[proofplan] We construct the correspondence in both directions. A section of $\operatorname{Hom}(E,F)$ evaluates on each vector in the corresponding fibre and therefore defines a fibrewise [linear map](/page/Linear%20Map) $E\to F$; local trivializations show this map is smooth. Conversely, a smooth bundle map covering $\operatorname{id}_M$ restricts on each fibre to a linear map, hence defines a point of the Hom fibre; again local trivializations show that these fibre maps vary smoothly. The two constructions are inverse because both are defined fibre by fibre by evaluation. [/proofplan]

[step:Send a Hom-bundle section to a smooth bundle map by fibrewise evaluation]Let $A\in \Gamma(M,\operatorname{Hom}(E,F))$ be a smooth section.
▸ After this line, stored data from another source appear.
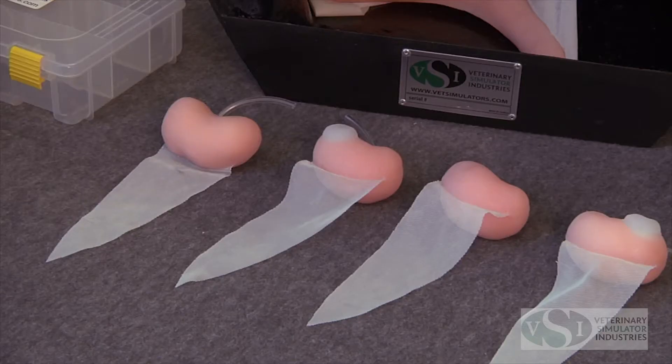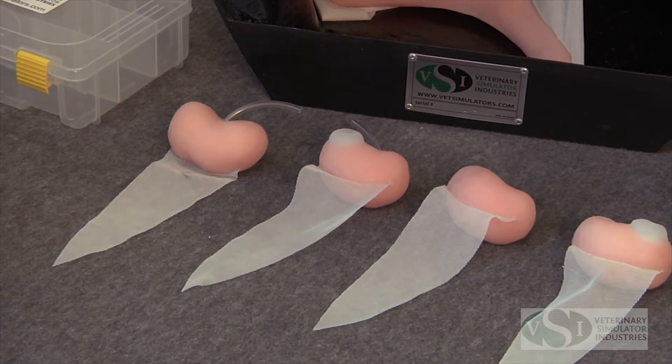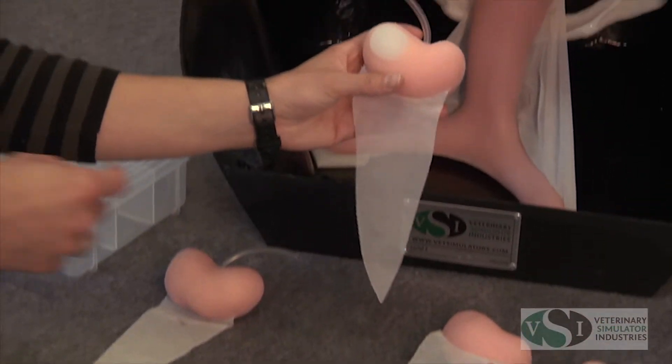The model comes with the VSI Equine ovary set which includes three sets of ovaries: anestrus, estrus, and estrus with follicles, with a plastic case for easy storage. The ovary models are interchangeable and are easily inserted into the uterus horn.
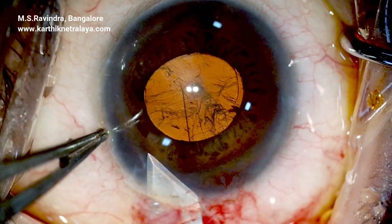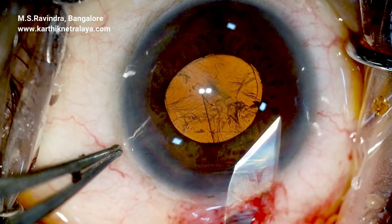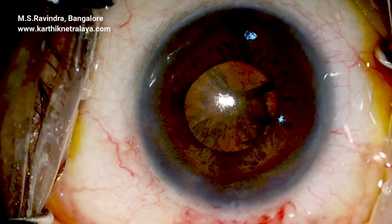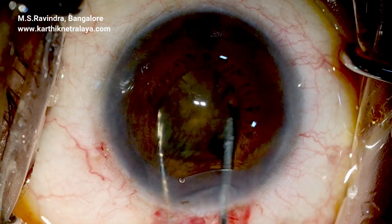The cystitome enters by puncturing the floor of the tunnel so there is no loss of viscoelastic from the eye. The tunnel is completed to adequate size, with the inner length of the tunnel slightly larger than the outer.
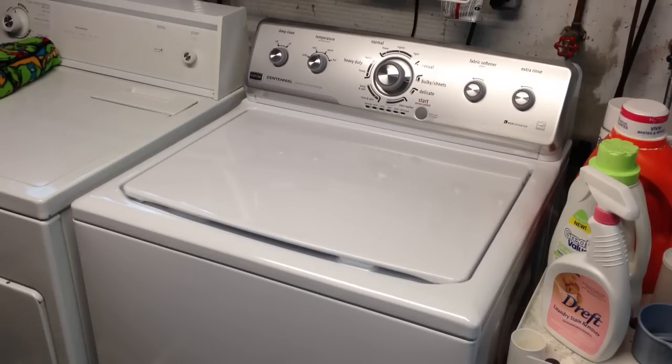I also have with me today for this review Mrs. DataBits. I wanted to give you a male and a female perspective, because I know a lot of you females out there care about washer machines' quality and experience as well. I'm not a user of the washer except on occasion, but Mrs. DataBits uses it quite often, so she's going to chime in here in a little bit.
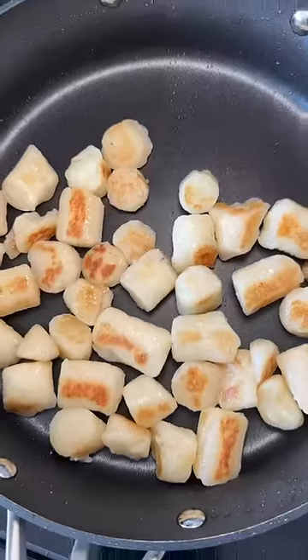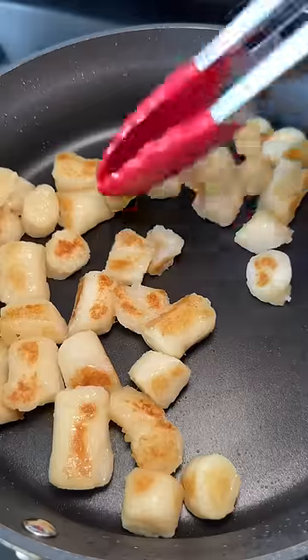I lowered the heat and cooked the yinoki. It didn't take that long for it to soften up. I also had some chicken searing in a separate pan.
Define the map $\Phi_A:E\to F$ by $\Phi_A(v)=A(\pi_E(v))(v)$ for every $v\in E$. For $v\in E_p$, where $p=\pi_E(v)$, we have $A(p)\in \operatorname{Hom}(E_p,F_p)$, so $A(p)(v)\in F_p$. Hence $\pi_F(\Phi_A(v))=p=\pi_E(v)$, and therefore $\Phi_A$ covers $\operatorname{id}_M$. For each $p\in M$, the fibre restriction $(\Phi_A)|_{E_p}:E_p\to F_p$ is the map $v\mapsto A(p)(v)$ and is linear because $A(p)$ is a linear map. It remains to verify smoothness. Let $p_0\in M$. Choose an open neighbourhood $U\subset M$ of $p_0$ over which both bundles trivialize, with smooth local trivializations $\tau_E:\pi_E^{-1}(U)\to U\times \mathbb{R}^r$ and $\tau_F:\pi_F^{-1}(U)\to U\times \mathbb{R}^s$, where $r=\operatorname{rank}E$ and $s=\operatorname{rank}F$. These trivializations induce a local trivialization \begin{align*} \tau_{\operatorname{Hom}}:\operatorname{Hom}(E,F)|_U&\to U\times \operatorname{Hom}(\mathbb{R}^r,\mathbb{R}^s) \end{align*} by sending $B\in \operatorname{Hom}(E_p,F_p)$ to \begin{align*} (p,\tau_{F,p}\circ B\circ \tau_{E,p}^{-1}), \end{align*} where $\tau_{E,p}:E_p\to \mathbb{R}^r$ and $\tau_{F,p}:F_p\to \mathbb{R}^s$ are the fibre maps induced by $\tau_E$ and $\tau_F$. Since $A$ is smooth, its local representative is a smooth map \begin{align*} a:U&\to \operatorname{Hom}(\mathbb{R}^r,\mathbb{R}^s) \end{align*} defined by \begin{align*} \tau_{\operatorname{Hom}}(A(p))=(p,a(p)). \end{align*} In the same trivializations, $\Phi_A$ is represented by the map $U\times \mathbb{R}^r\to U\times \mathbb{R}^s$ given by $(p,x)\mapsto (p,a(p)x)$. The map $(p,x)\mapsto a(p)x$ is smooth because matrix multiplication is a smooth finite-dimensional bilinear map and $a$ is smooth. Since $p_0$ was arbitrary, $\Phi_A$ is smooth on $E$.[/step]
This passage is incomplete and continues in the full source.